Come oramai abbiamo bene imparato, i fatti spesso non contano ma sono importanti i nostri pregiudizi.

Questo è vero per tante cose, come per esempio per interpretazioni arbitrarie che diamo di certi testi, a nostro vantaggio.

Nel campo della musica sacra è lo stesso. Prendete per esempio il salmo 150, dove si invita ogni vivente a lodare il Signore e che viene interpretato come se permettesse che ogni strumento possa essere usato nella liturgia, ogni tipo di musica, ogni moda.

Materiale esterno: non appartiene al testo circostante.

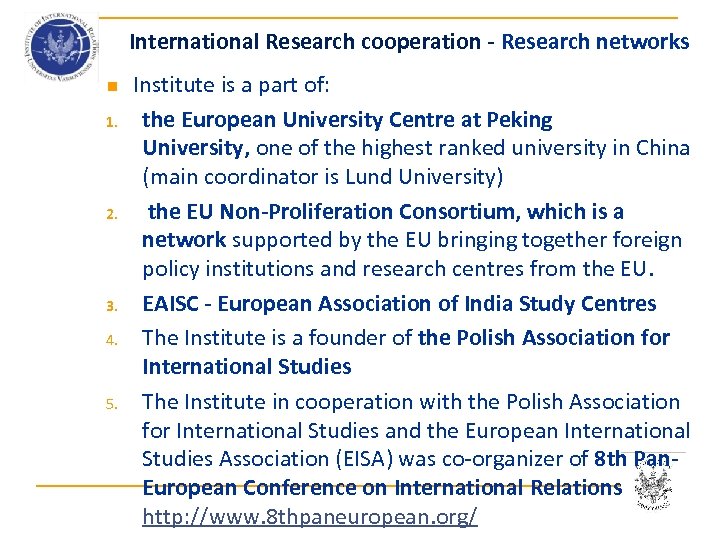 International Research cooperation - Research networks n 1. 2. 3. 4. 5. Institute is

In realtà San Giovanni Paolo II, nella sua udienza generale di mercoledì 26 febbraio 2003 così commentava questo salmo: “È, dunque, necessario scoprire e vivere costantemente la bellezza della preghiera e della liturgia. Bisogna pregare Dio non solo con formule teologicamente esatte, ma anche in modo bello e dignitoso. A questo proposito, la comunità cristiana deve fare un esame di coscienza perché ritorni sempre più nella liturgia la bellezza della musica e del canto. Occorre purificare il culto da sbavature di stile, da forme trasandate di espressione, da musiche e testi sciatti, e poco consoni alla grandezza dell’atto che si celebra”.

A me non sembra un invito a far entrare nella liturgia qualunque cosa, ma la richiesta di fare entrare solo ciò che è bello e dignitoso.

La bellezza non è un fatto meramente soggettivo: certo, a me può piacere Michelangelo, a te Raffaello, ma non ci verrà mai nella mente di negare la grandezza e bellezza delle opere di questi grandi artisti.

L’interpretazione della bellezza ha certamente degli elementi di soggettività, ma la bellezza in se stessa è oggettiva in quanto si avvicina il più possibile alla vera e unica Bellezza, che è Dio.